(Task)
Would you please transcribe the records below exactly, leaving out the pictures?

(Provided information)

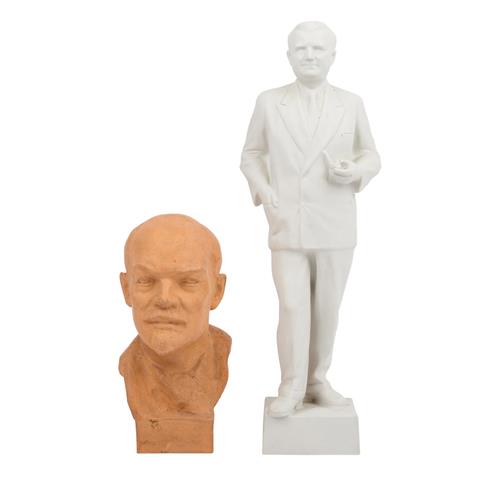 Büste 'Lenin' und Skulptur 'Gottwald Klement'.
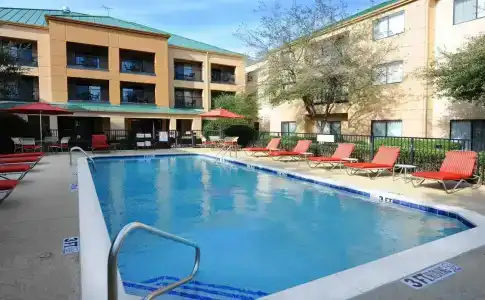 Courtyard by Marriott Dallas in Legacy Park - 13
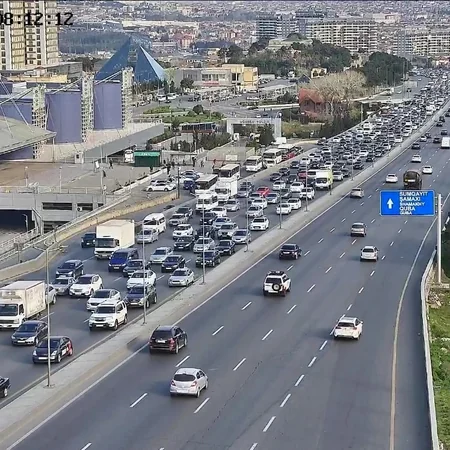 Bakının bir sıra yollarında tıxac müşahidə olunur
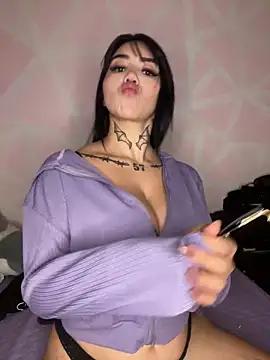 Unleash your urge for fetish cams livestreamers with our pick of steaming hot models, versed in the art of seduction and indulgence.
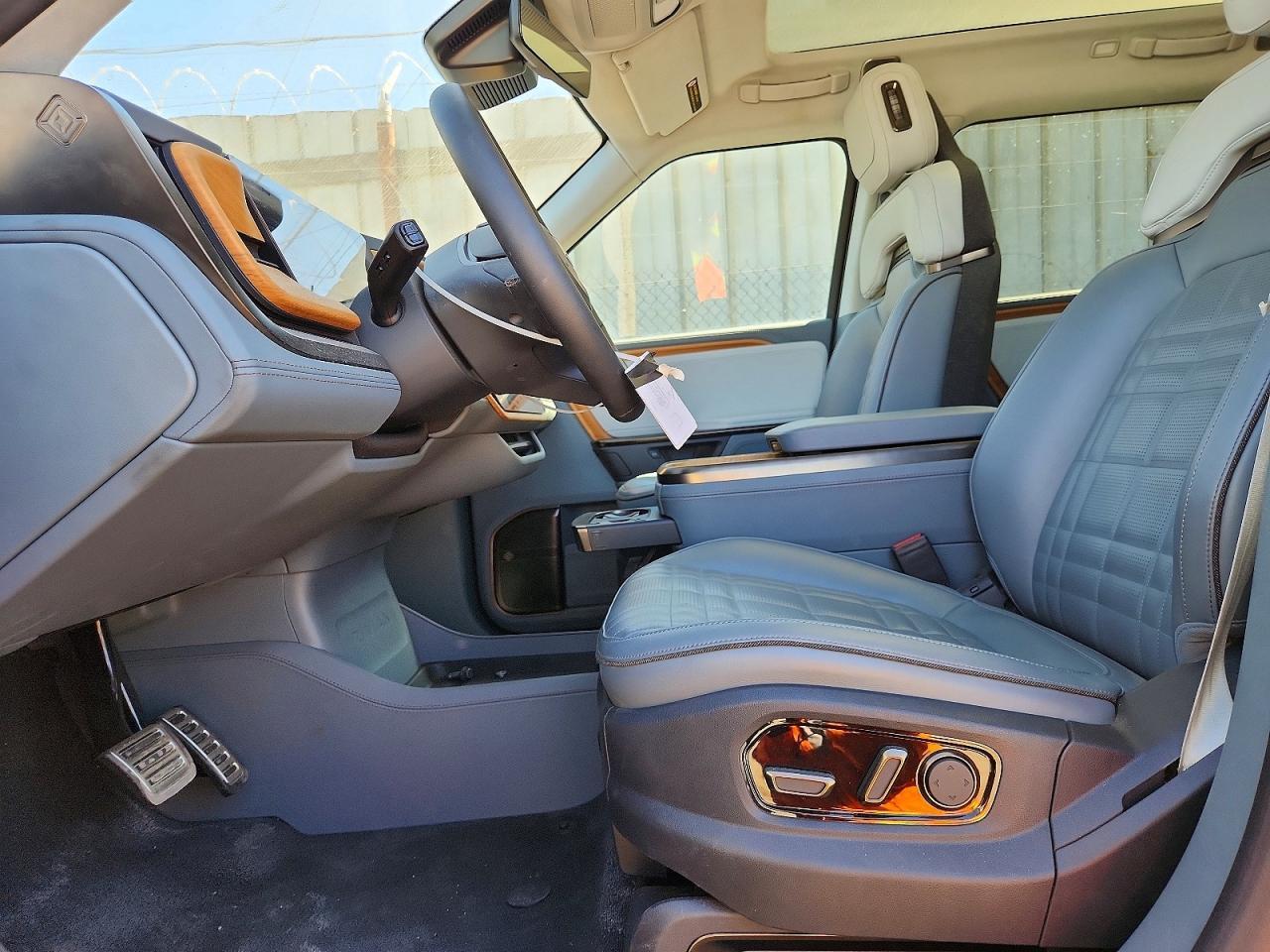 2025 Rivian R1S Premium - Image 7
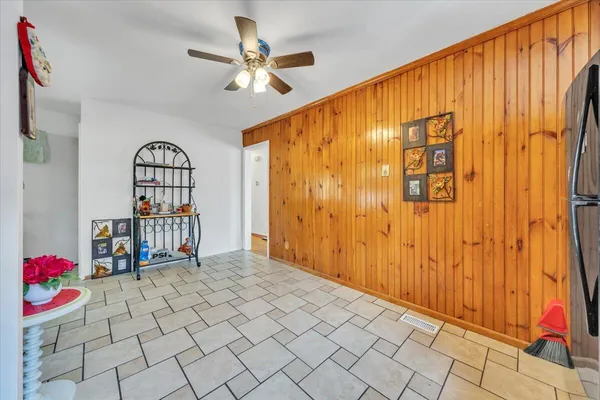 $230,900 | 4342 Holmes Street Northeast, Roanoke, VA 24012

(Completed exercise)
 Büste 'Lenin' und Skulptur 'Gottwald Klement'.
 Courtyard by Marriott Dallas in Legacy Park - 13
 Bakının bir sıra yollarında tıxac müşahidə olunur
 Unleash your urge for fetish cams livestreamers with our pick of steaming hot models, versed in the art of seduction and indulgence.
 2025 Rivian R1S Premium - Image 7
 $230,900 | 4342 Holmes Street Northeast, Roanoke, VA 24012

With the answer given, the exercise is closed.